Another thing to keep in mind is that not all broadcasters will have Bits usage enabled on their channel. Bits can only be enabled on Partner or Affiliate channels that have opted in to use them. Before allowing the broadcaster to activate the Extension we recommend doing a check to see if their channel has opted into Bits usage. If they have not opted in, we recommend implementing one of the following options:
- Disable all Bits functionality within your Extension
- Hide or replace the functionality with a free version
- Do not allow the Extension to even be activated
We believe that utilizing one of these options will create less confusion for viewers trying to use Extensions where Bits functionality is not available due to the broadcaster not having Bits usage enabled. It will also create an environment where the broadcaster has less to worry about or to explain to viewers who may have trouble with your Extension.
Extensions that enable users to generate their own content creates exciting new ways for broadcasters to interact with their community. For these Extensions, we strongly recommend implementing the following features to provide a safer experience for broadcasters and engaged viewers. To help assist with implementing these safety parameters, Twitch offers Moderation APIs.
- Authentication - Ask the user to grant authentication permissions before being able to submit any content through the Extension
- Attribution - Any content, submitted by a viewer through your extension, that will be shown to the broadcaster or other viewers on the channel should have the Twitch username of the submitter clearly displayed. This is so that the moderators can take action if necessary.
- Chat Ban Support - Any chat bans or timeouts for a viewer on the broadcaster’s channel should be honored by the extension. Any banned or suspended viewer should not be permitted to submit content that will be shown to the broadcaster or other viewers on the channel.
- Banned User Content Removal - If a user is banned, all of their content that can be seen by other users and has been submitted through the Extension should be removed. If the user is timed out the content they submitted through the Extension does not need to be removed.

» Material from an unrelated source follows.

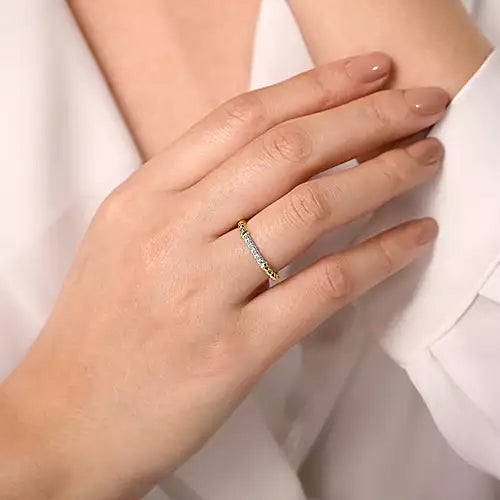 14k Yellow Gold Diamond Bujukan Fashion Ring
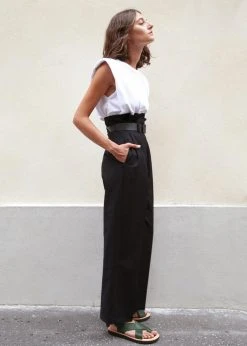 The Frankie Shop Eva Padded Shoulder Muscle T-Shirt - White CLOTHING 13 The Frankie Shop Eva Padded Shoulder Muscle T-Shirt - White CLOTHING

- Enforcement Filtering - All text content submitted through the Extension must also pass through the enforcement endpoint which will determine if the submitted content meets the channel’s AutoMod requirements.
- Retroactive Manual Removal - Moderators should be able to remove any content that has been submitted through the Extension.
- Proactive Review - If your Extension allows content submitted by a viewer to be shown to the broadcaster or other viewers on the channel, it should provide an option for the broadcaster and/or their moderators to approve or deny the content submission before it is seen by other viewers.
- Content History - All user-generated content being submitted through the Extension should be posted to chat. For information on the chat API click here.
Requesting user permissions
Requesting users to share their ID and grant permissions to your Extension might be necessary for users to use all or some of your Extension’s functionality. Keep in mind that user privacy is a big deal and some users may be hesitant to grant permissions to something that they are unfamiliar with.
In order for users to understand why they are being asked for permissions within your Extension, we recommend that you only request the permissions you need at the time that you need them. This way users should have a better idea of what their ID is needed for and might feel more comfortable sharing their ID.